The Wide Open Sea

Yesterday, a good friend of mine from college announced that she was taking an early retirement from a career that she has had since we graduated from college almost 30 years ago. I am so excited for her, and I am also extremely curious to see what she ends up doing next. I think that this new stage of life, this second half of adulting, sometimes feels a little rudderless. The options are starting to open up more and more, and that feels exciting, yet daunting, and sometimes overwhelming, all at the same time. For a long time, I was sailing along in the narrow channel of raising a family, while my husband built his career and supported our family, and now, I am seeing this wide open seascape at the end of the channel. It’s thrilling, but my compass is doing that wild shaking and moving that happens sometimes with compasses. It hasn’t quite settled down yet. I am eager to watch the other ships who have travelled the narrow channel with me, enter into the big, blue sea. I am curious as to where their new travels will take them, as the confines of the structural shores, slowly fade away. I want to be inspired by the other captains’ ideas and visions. I want a new destination point. I don’t like feeling rudderless.

This is a time period in our lives where “the lulls” are starting to be broken. Our kids are growing up and moving out. Our priorities are starting to shift, sometimes rapidly. We’re getting signals by watching the changes in other people’s lives that remind us that we don’t have to keep doing things the way which we have been doing them.

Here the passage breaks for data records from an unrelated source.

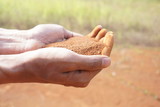Hand man holding red soil dust on the blur background 
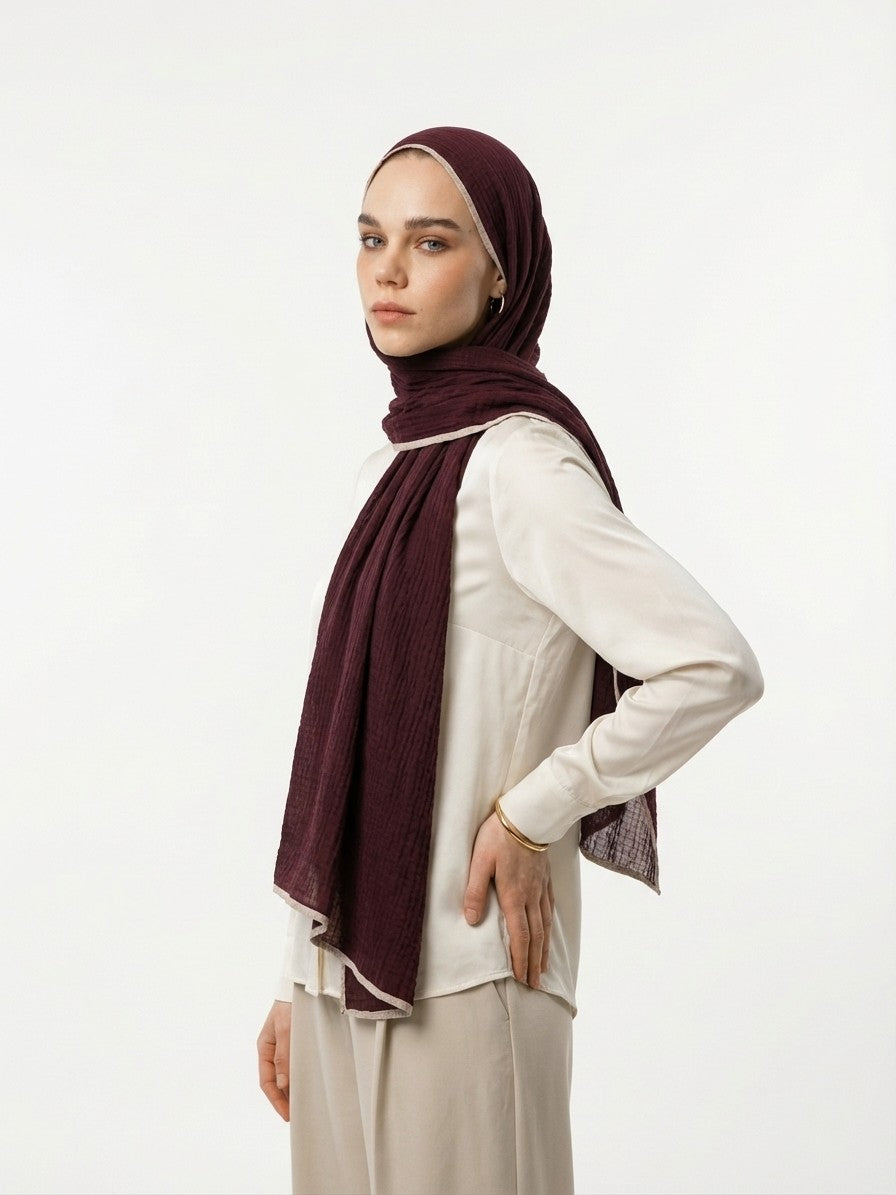 Müslin Şal - Bordo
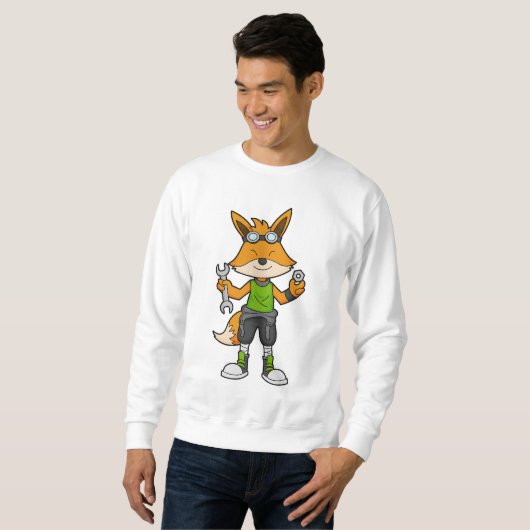 Fox als Mechanik mit Schraubenschlüssel und Nut Sweatshirt (Vorne ganz)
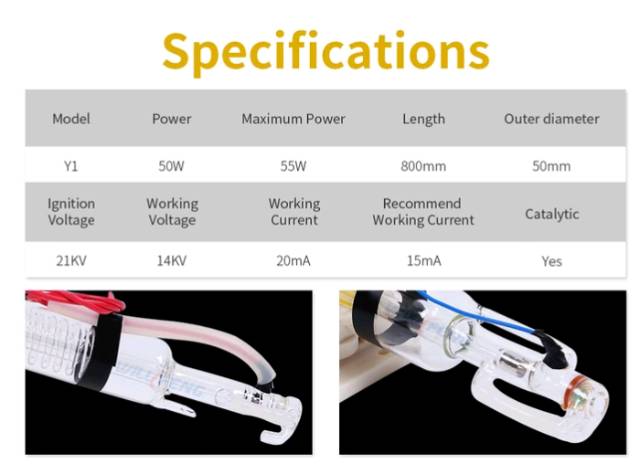 Tabung laser co2 laser tube co2 tabung laser 50w laser tube tabung laser co2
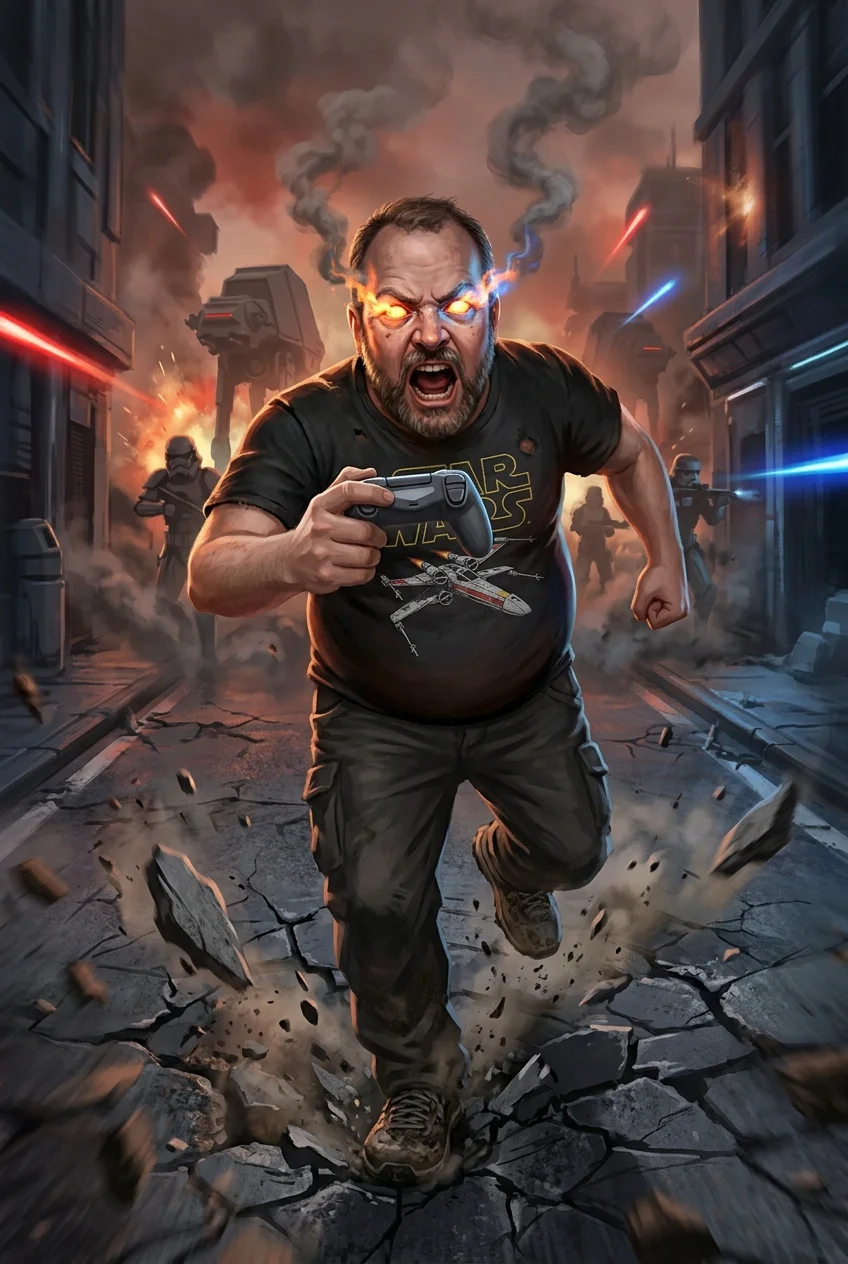 A furious gamer in a sci-fi shirt charges toward the viewer with a controller, glowing smoky eyes, and a bewildered expression as cracked pavement and debris erupt beneath him amid explosions and shadowy sci-fi figures.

There is no “one size fits all” formula to live life, and that seems more acutely evident now, than it ever has before. Two others of my closest friends from college become official empty nesters this year. By summer, all of their children will have graduated from high school and moved on towards their own adult lives. I am only one year away from this phenomenon myself. Wow.

I am guessing that in this next stage of my life, I will be doing a lot of loop de loops. There is a great deal more space in wide open sea, to change directions, and to stop and to explore small islands of curiosity. There is more space for error in wide open territory. Of course, the weather can get turbulent. There may be less “protection” from the winds of change, that my narrow channel afforded. Still, I am ready for the adventure. Anticipation is a delicious part of life. Anticipation of the unknown is one of the biggest thrills in life, if you can get past the fear.

We are not retreating - we are advancing in another direction. - Douglas MacArthur

Are you passing on love, or are you passing on pain? Heal your pain and pass on love.